Wells Denies that Its Loans Prepay Faster than Others
When the prepayment rate on Freddie Mac's mortgage securitizations became higher than Fannie Mae's in a more notable way than usual in April, Wall Street researchers in New York singled out loan concentrations from two large originators as contributing to the trend.
They said those originators, Wells Fargo and ABN Amro, had loans underlying the securities with characteristics that contributed to the faster prepayment speeds in April. (When May's prepayment speeds came in, Freddie Mac's speeds were back in line relative closer to where they normally are vs. Fannie Mae's.)
So what do those two originators have to say about this?

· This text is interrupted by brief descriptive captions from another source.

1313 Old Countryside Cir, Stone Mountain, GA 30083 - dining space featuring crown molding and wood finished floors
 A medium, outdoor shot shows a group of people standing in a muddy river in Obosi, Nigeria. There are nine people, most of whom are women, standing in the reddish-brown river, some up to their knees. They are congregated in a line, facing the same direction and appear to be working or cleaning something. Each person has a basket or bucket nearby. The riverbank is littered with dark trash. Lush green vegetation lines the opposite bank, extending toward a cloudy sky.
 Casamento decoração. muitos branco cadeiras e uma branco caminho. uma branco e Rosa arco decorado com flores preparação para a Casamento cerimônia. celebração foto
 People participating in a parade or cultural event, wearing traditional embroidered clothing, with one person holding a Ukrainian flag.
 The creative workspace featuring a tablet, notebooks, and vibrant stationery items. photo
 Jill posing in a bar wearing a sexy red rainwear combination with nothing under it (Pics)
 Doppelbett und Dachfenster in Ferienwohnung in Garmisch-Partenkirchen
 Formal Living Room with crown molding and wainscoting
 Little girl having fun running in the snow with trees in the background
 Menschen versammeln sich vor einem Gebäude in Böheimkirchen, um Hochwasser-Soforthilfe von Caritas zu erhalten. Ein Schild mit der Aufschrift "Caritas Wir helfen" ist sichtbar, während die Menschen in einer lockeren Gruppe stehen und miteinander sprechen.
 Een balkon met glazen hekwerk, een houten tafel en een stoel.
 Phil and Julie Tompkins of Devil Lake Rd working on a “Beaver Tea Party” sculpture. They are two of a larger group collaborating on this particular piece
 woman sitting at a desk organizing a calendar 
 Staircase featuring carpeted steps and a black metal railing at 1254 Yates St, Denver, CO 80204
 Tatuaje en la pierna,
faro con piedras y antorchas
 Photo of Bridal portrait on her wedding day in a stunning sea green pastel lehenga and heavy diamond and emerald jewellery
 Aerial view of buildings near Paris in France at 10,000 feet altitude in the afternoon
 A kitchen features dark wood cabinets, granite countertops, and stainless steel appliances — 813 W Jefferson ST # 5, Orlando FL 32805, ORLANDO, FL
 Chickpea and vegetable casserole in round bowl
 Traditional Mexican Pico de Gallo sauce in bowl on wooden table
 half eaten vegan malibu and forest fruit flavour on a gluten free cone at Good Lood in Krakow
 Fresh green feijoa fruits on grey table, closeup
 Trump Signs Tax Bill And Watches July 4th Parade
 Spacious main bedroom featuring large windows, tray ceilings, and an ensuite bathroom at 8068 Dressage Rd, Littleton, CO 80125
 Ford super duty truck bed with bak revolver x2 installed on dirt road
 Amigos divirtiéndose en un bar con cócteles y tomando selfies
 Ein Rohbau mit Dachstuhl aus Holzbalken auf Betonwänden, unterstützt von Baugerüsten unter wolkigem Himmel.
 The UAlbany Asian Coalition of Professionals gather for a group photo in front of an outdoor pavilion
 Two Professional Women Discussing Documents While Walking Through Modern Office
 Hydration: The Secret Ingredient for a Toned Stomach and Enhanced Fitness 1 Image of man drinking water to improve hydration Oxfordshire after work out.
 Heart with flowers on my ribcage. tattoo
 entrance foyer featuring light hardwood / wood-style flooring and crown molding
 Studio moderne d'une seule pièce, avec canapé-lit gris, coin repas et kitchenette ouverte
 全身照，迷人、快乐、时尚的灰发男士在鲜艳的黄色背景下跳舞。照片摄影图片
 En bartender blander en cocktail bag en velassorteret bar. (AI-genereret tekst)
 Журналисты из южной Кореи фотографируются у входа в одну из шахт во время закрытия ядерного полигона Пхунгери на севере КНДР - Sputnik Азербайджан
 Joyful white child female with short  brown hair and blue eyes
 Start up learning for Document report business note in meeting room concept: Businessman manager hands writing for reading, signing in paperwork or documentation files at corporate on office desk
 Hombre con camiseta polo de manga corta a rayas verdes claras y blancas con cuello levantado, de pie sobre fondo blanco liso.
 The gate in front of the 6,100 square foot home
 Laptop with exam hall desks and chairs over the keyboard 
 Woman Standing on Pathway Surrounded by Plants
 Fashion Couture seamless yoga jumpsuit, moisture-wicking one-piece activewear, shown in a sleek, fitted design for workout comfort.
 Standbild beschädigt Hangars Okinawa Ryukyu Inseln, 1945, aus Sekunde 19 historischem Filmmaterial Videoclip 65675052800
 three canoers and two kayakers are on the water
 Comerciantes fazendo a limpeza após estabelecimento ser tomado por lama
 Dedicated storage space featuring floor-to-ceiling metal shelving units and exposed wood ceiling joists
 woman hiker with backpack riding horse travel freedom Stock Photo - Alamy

Geoff Dreyer, executive vice president of capital markets and credit for Wells Fargo, said that he believes the April prepayment reports have led to some misunderstanding.
"Recent questions about Freddie Mac (participation certificate) prepayment speeds have led some market participants to incorrectly attribute this performance to Wells Fargo," he said, in a written statement he released through Wells Fargo's home office here. "This is not the case. In fact, so far in 2003, the aggregate prepayment speed for Wells Fargo's 30-year, fixed-rate Freddie Mac PCs has been slightly below that of the aggregate of all other issuers of Freddie Mac PCs. It is fair to say that in recent months Freddie Mac's 30-year prepayment differences would have been larger in aggregate if Wells Fargo was not a Freddie Mac issuer."
Bear Stearns analysts had said that Wells' faster prepayment rate is due to "their large loan sizes."